Держась за перила лестницы, я с трудом поднимаюсь, собираю свою одежду и, опираясь о стену, бреду к двери подвала. Между тем ее заперли снаружи на засов. Я кричу: «Откройте! Откройте! – И поскольку ничего не происходит, добавляю: – Откройте, я тут одна, они ушли!»
Наконец оба железных рычага поднимаются. Я вхожу, и все обитатели подвала таращатся на меня. Только теперь я замечаю, как выгляжу в их глазах. Чулки сползли до самых туфель, волосы спутаны, в руке изорванная в клочья подвязка для чулок. Я не могу больше сдерживаться и кричу: «Вы свиньи! Меня два раза изнасиловали, а вы закрываете дверь и оставляете меня валяться на полу как кусок дерьма!»
Я поворачиваюсь и хочу уйти отсюда прочь. За моей спиной сначала царит тишина, потом начинается настоящий гвалт. Все говорят, кричат, спорят, перебивая друг друга и размахивая руками. В конце концов принимается решение: «Мы все вместе идем к русскому коменданту и просим у него охрану на ночь».
У коменданта.
«Во дворе комендатуры я спрашиваю, как найти коменданта.

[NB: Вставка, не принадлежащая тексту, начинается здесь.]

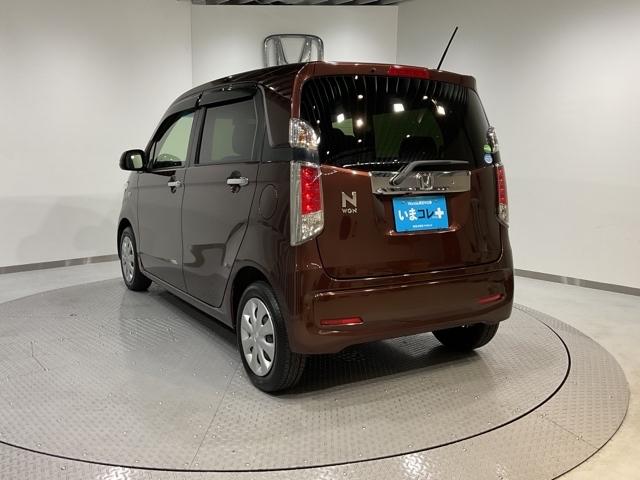 事故や故障などのトラブルから点検・車検予約、クルマに関する急な困りごとまで。まとめてＨＯＮＤＡにお任せください。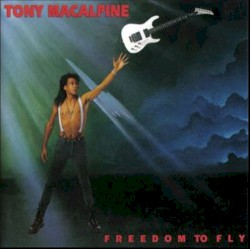 Freedom to Fly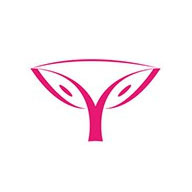 南国衣人品牌LOGO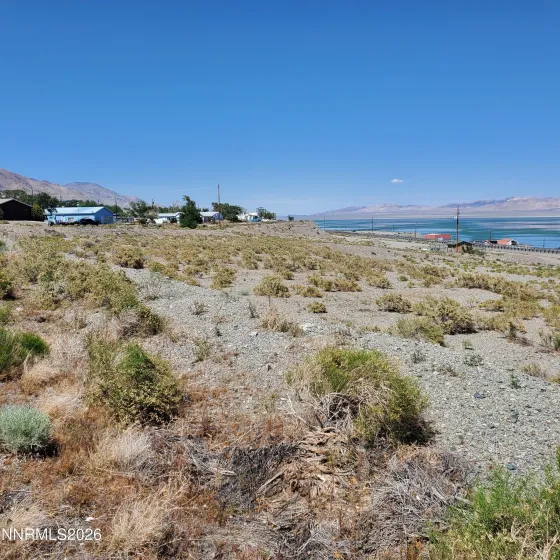 00 Golden Willow & Cottonwood, Walker Lake, Nevada 89415, ,Land,Residential,Golden Willow & Cottonwood,0,260005759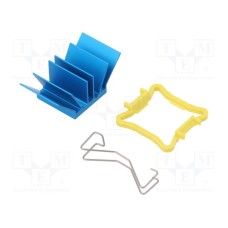 ATS-50170G-C1-R0 ATS-50170G-C1-R0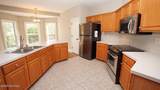 109 Long Leaf Drive - Photo 10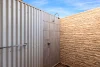4 Yanban Street, Cable Beach WA 6726-Image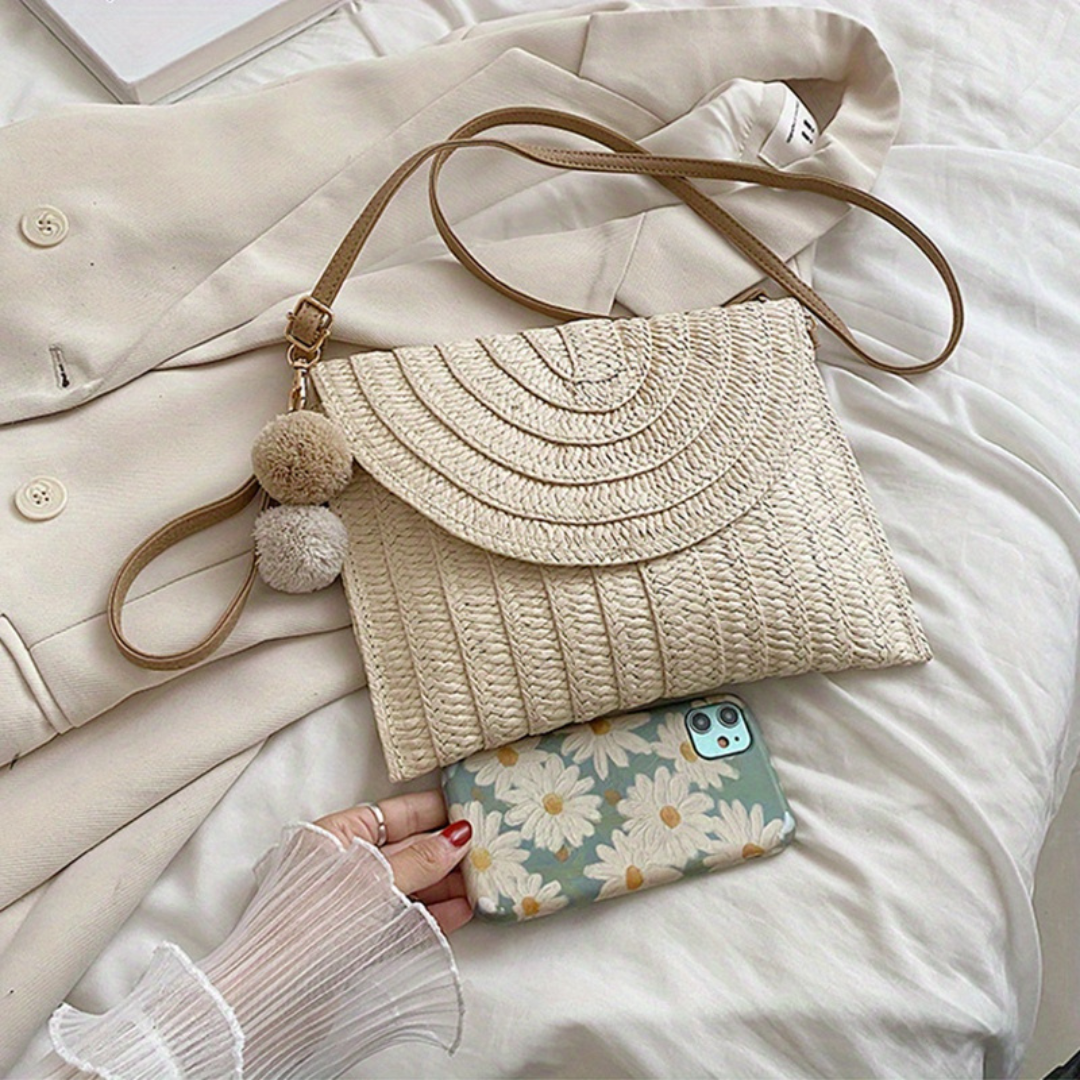 Beige Color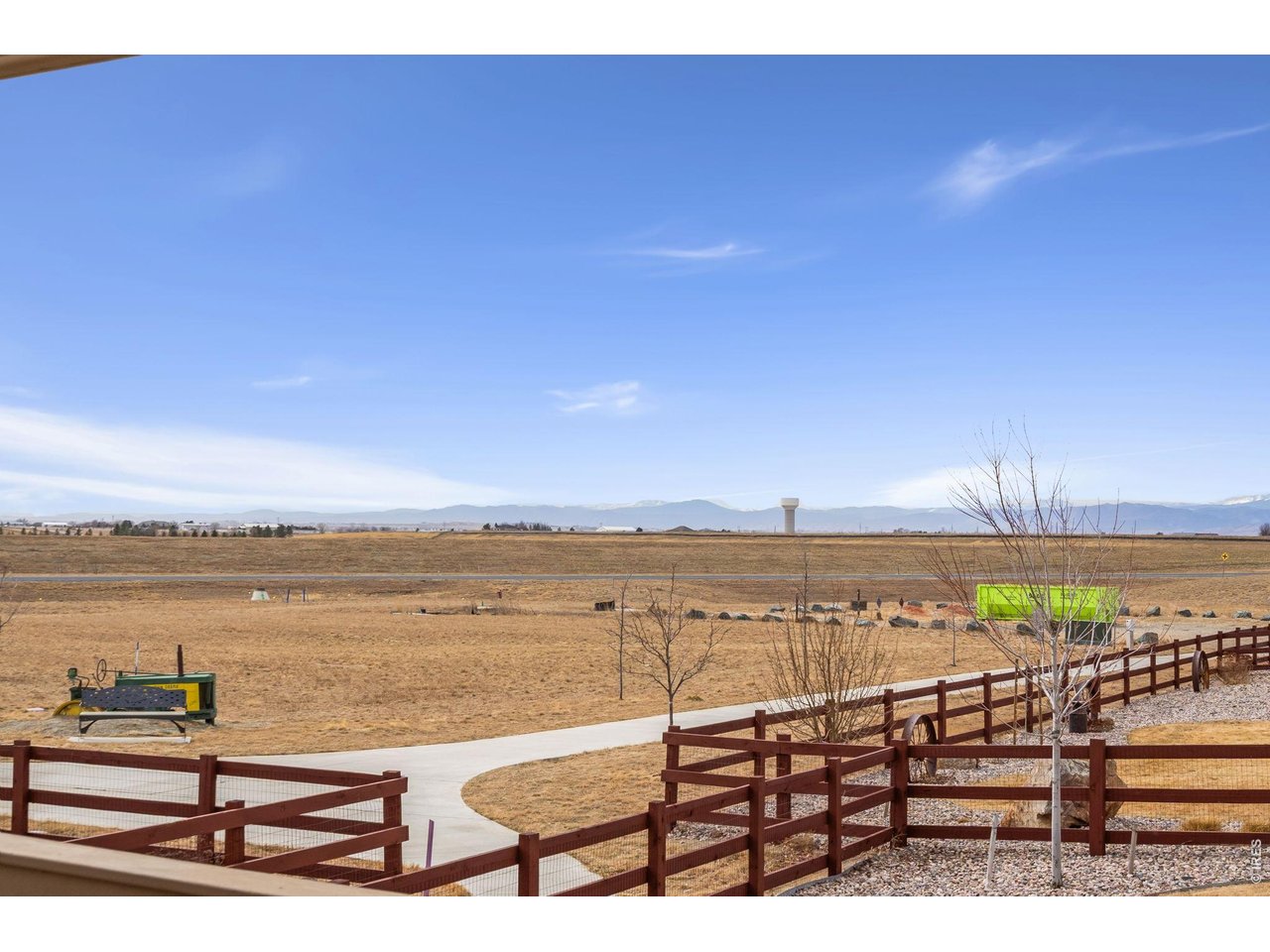 1787 Long Shadow Dr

От группы мужчин, стоящих у двери флигеля, отделяется высокая фигура: «Да, что вы хотите?» Широкоплечий здоровяк кавказского типа с белоснежными зубами.
Но он только смеется над моим лепетом и над жалкой кучкой немцев, которые явились сюда жаловаться.
«Подумаешь, какая ерунда, наверняка это вам не повредит. Среди наших бойцов нет больных». Он не спеша возвращается к остальным офицерам, и мы слышим, как они негромко смеются. Повернувшись к нашей серой толпе, я говорю упавшим голосом: «Это не имеет никакого смысла».